- WORK TO BE COMPLETED:
All that is needed is the line in the material below containing "New Women Genuine", plus every line after it, printed exactly.

- EXCERPTED DATA:

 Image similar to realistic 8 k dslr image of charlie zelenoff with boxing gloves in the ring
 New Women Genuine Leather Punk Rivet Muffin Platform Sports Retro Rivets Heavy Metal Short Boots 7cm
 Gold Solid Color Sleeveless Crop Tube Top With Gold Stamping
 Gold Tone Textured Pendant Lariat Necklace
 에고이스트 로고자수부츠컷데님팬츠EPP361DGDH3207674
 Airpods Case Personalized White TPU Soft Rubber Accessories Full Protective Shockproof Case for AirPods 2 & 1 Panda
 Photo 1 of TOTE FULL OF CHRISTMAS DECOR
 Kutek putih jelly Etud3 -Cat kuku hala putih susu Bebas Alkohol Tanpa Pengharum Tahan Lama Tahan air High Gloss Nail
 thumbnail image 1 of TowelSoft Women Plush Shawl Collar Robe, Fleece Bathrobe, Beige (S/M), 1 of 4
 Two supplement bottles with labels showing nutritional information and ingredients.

- YOUR SOLUTION:
 New Women Genuine Leather Punk Rivet Muffin Platform Sports Retro Rivets Heavy Metal Short Boots 7cm
 Gold Solid Color Sleeveless Crop Tube Top With Gold Stamping
 Gold Tone Textured Pendant Lariat Necklace
 에고이스트 로고자수부츠컷데님팬츠EPP361DGDH3207674
 Airpods Case Personalized White TPU Soft Rubber Accessories Full Protective Shockproof Case for AirPods 2 & 1 Panda
 Photo 1 of TOTE FULL OF CHRISTMAS DECOR
 Kutek putih jelly Etud3 -Cat kuku hala putih susu Bebas Alkohol Tanpa Pengharum Tahan Lama Tahan air High Gloss Nail
 thumbnail image 1 of TowelSoft Women Plush Shawl Collar Robe, Fleece Bathrobe, Beige (S/M), 1 of 4
 Two supplement bottles with labels showing nutritional information and ingredients.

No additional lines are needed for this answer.